❝ Brian Cash can put a figure to the cost of Alabama’s new immigration law: at least $100,000. That’s the value of the tomatoes he has personally ripening out in his fields and that are going unpicked because his Hispanic workforce vanished literally overnight.
❝ For generations, Cash’s family have farmed 125 acres atop the Chandler mountain, a plateau in the north of the state about nine miles long and two miles wide. It’s perfect tomato-growing country – the soil is sandy and rich, and the elevation provides a breeze that keeps frost at bay and allows early planting.
For four months every year he employs almost exclusively Hispanic male workers to pick the harvest. This year he had 64 men out in the fields…Then HB56 came into effect, the new law that makes it a crime not to carry valid immigration documents and forces the police to check on anyone they suspect may be in the country illegally.
The provisions – the toughest of any state in America – were enforced on 28 September. By the next day Cash’s workforce had dwindled to 11…
❝ Cash says that losing his pickers is much more than a commercial disaster. “Many of these people are friends and like family to us. They have been working for my family for years.”

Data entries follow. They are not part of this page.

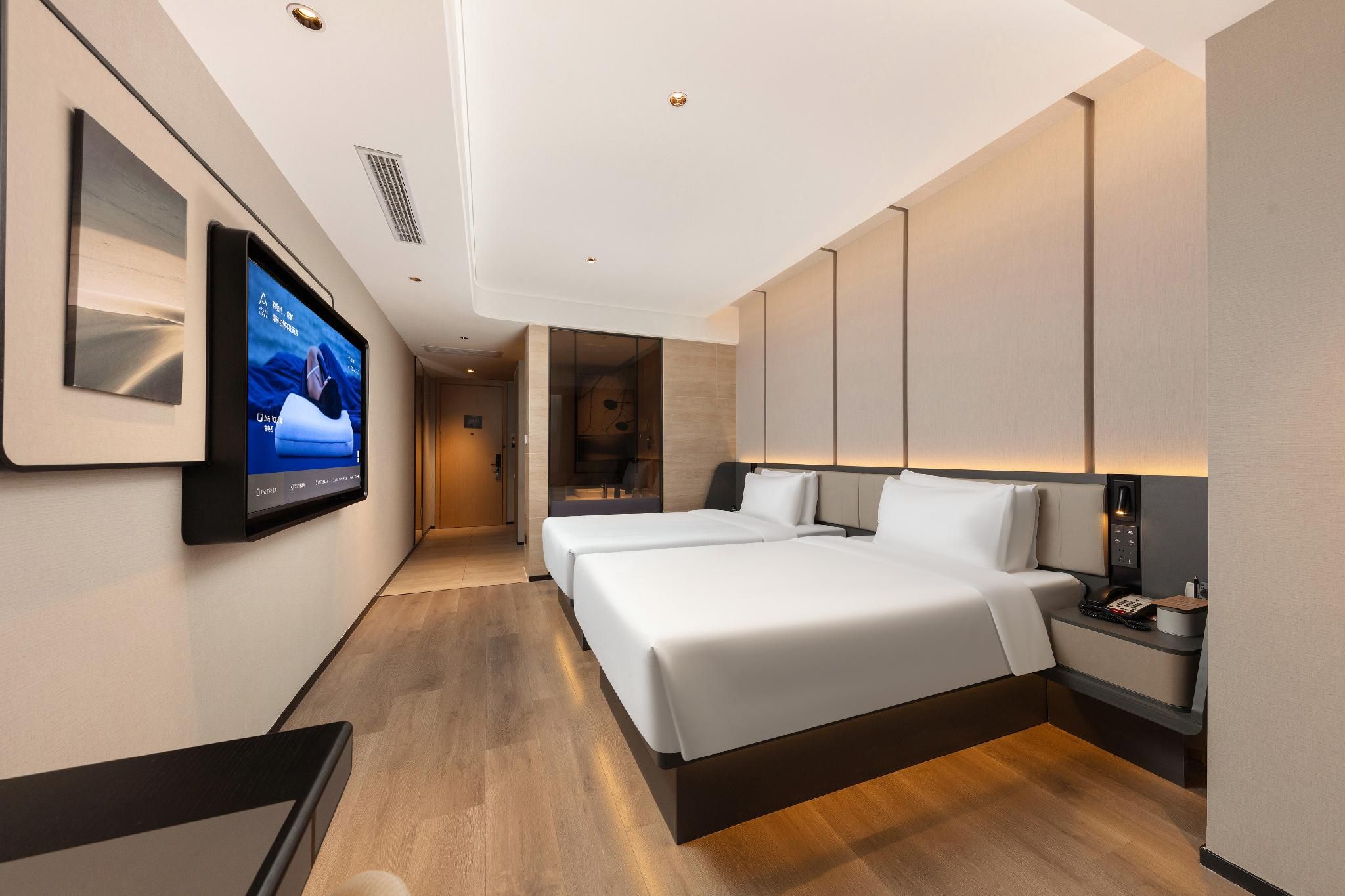 Atour - Elegant Twin Bed Room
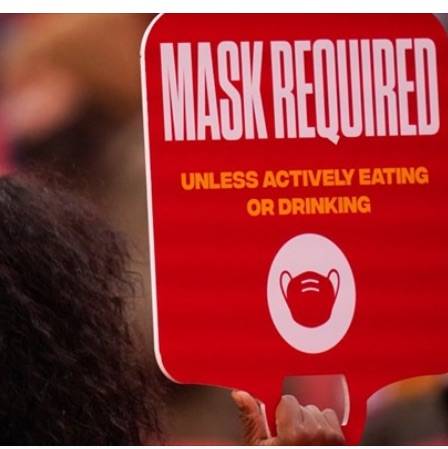  What's Safe After COVID-19 Vaccination? Don't Shed Masks Yet 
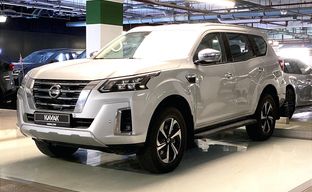 Nissan • X-terra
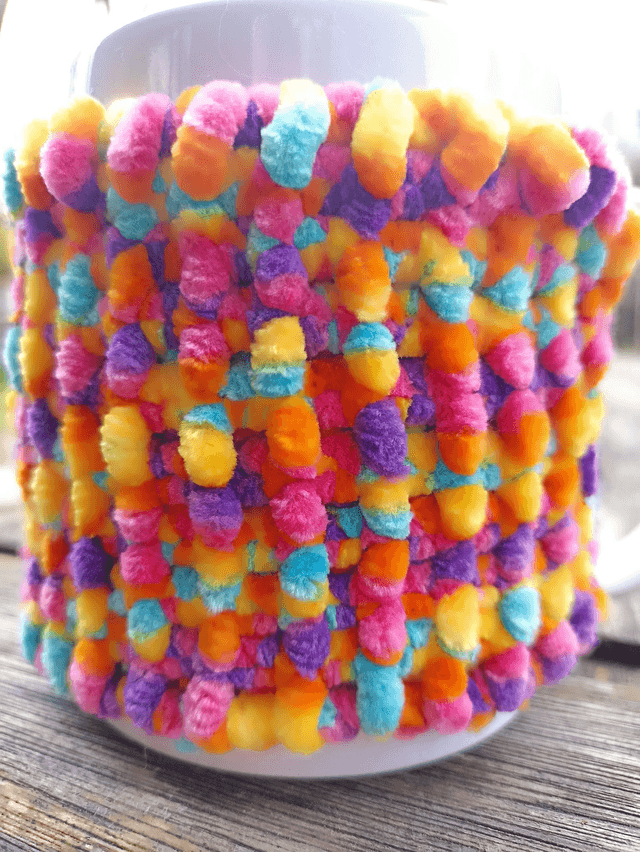 Snood pour Mug Softy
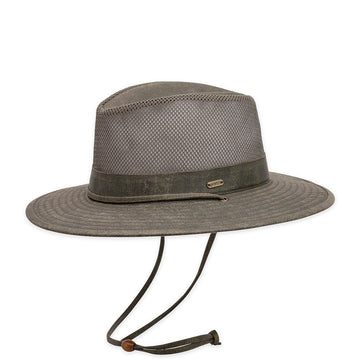 Colton Sun Hat Sun Hats Pistil Designs Olive  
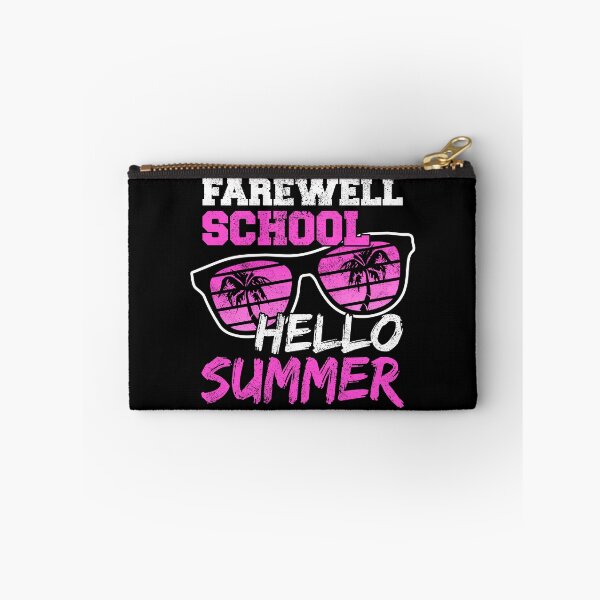 Item preview, Farewell School Hello Summer designed and sold by FNStuff.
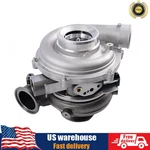 Turbocharger 03-04 Ford F250 F350 F450 F550 Excursion 6.0L V8 Diesel New. Price: $455.95.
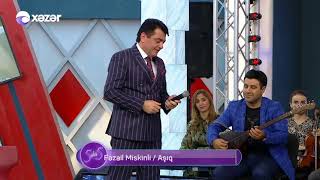 Fezail Miskinlidən super ifa  Gödəkdonu aşıq havası 5 də 5 FezailMiskinli Godekdonu saz 5de5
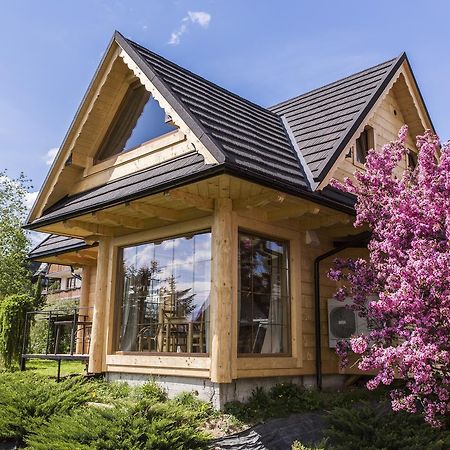 udanypobyt Domek Góralski Zakątek Kościelisko Exterior foto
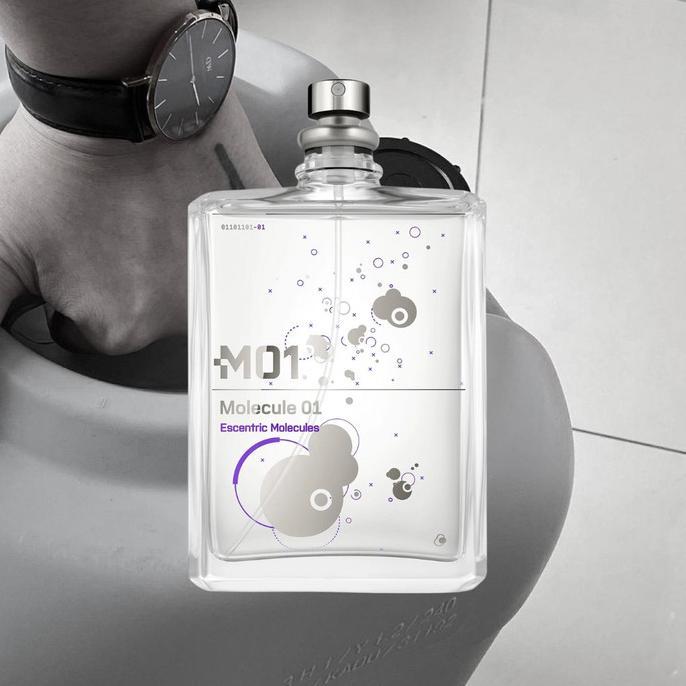 Gambar new MOLECULE 01 Spray Layering Perfume Inspired Finish Product - 100ml dari Sumber Wangi 01 undefined Tokopedia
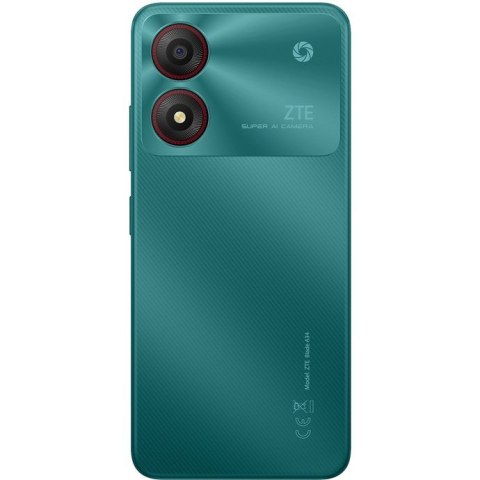 Smartfon ZTE Blade A34 2/64GB (Clover Green) Smartfon ZTE Blade A34 2/64GB (Clover Green)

The crew leader for Cash’s fields has been working for his family for 17 years. “He’s my age and we pretty much grew up together,” he says.
Cash has sponsored him in his application for American naturalisation – a process that the immigration authorities have said will take up to nine years and cost up to $17,000.
❝ The crew leader already has permanent residency status and his two children are US citizens, but because his wife is undocumented he was fearful of the new law and left abruptly along with the others the minute the provisions came in.
RTFA. Take the time to step past the lies and propaganda conservative and bigoted Congress-critters, state and local scum-suckers blather to pass laws like this. Itinerant foreign migrant labor is nothing new in my life. For decades migrant farm crews returned to the Connecticut River valley to follow the harvest season south until it was time to return home. In those days, mostly back to the Caribbean.